A new federal proposal may reduce the burden and costs for wind energy projects and power lines to ensure compliance with federal wildlife protections.

Energy projects often require a wide array of federal, state, and local environmental and land use permits. A recently proposed rule from the US Fish and Wildlife Service (FWS), however, may streamline the process of obtaining one type of permit – incidental take of bald and golden eagles. Comments regarding FWS’ proposed eagle rule are due by November 29, 2022.

Under the Bald and Golden Eagle Protection Act (Eagle Act), permits are required for activities that “take” (harm) bald and golden eagles. To comply with the Eagle Act, energy projects may require “incidental take permits,” which authorize the unintentional, but foreseeable, take of protected species. Currently, these permits are “specific permits,” meaning they require individual, project-specific applications, which FWS reviews on a case-by-case basis. If it approves a specific permit for a project, FWS incudes project-specific conditions, such as compensatory mitigation, monitoring requirements, and limitations on where, when, and how construction may occur.

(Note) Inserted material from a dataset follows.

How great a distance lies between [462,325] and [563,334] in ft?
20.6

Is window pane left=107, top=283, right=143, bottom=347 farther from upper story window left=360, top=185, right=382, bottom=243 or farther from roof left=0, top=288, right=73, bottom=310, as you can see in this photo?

FWS’s new rulemaking proposal ― published on September 30, 2022 ― is largely based on two key facts. First, the proposal notes that golden eagle populations across the country are stable and bald eagle populations are growing. Second, FWS states that fewer wind energy projects have chosen to participate in incidental take permitting programs for eagles than the agency anticipated.

Importantly, under the proposal, general permits would be available to any qualifying project that submits an application, without the need for FWS review and approval of each project. The process appears to be similar to the nationwide permit program that the Army Corps of Engineers has developed for surface water impacts. The applicant would be required to certify that it meets certain eligibility criteria and that it will implement applicable permit conditions. For both wind energy projects and power lines, FWS proposes that general permits will be valid for up to five years, after which the applicant may re-apply and obtain a new general permit. The proposed rule would also remove an existing requirement that independent third-parties be retained to monitor the incidental take of eagles under FWS-approved permits, and instead relies on project employees to monitor, recognize, and report eagle take.

General Permits for Wind Energy Projects

FWS proposes that general permits will only be available for wind energy projects in areas with a lower relative risk of harm to bald and golden eagles, based on the populations of eagles in those areas. The agency estimates that nearly 80% of existing wind projects are located in areas that meet the proposed thresholds. FWS states that it will provide online mapping tools depicting which areas qualify for general permits. The proposed rule would also require wind energy projects to obtain compensatory mitigation from FWS-approved conservation banks or an in-lieu fee program, the amount of which would vary based on the location of the project.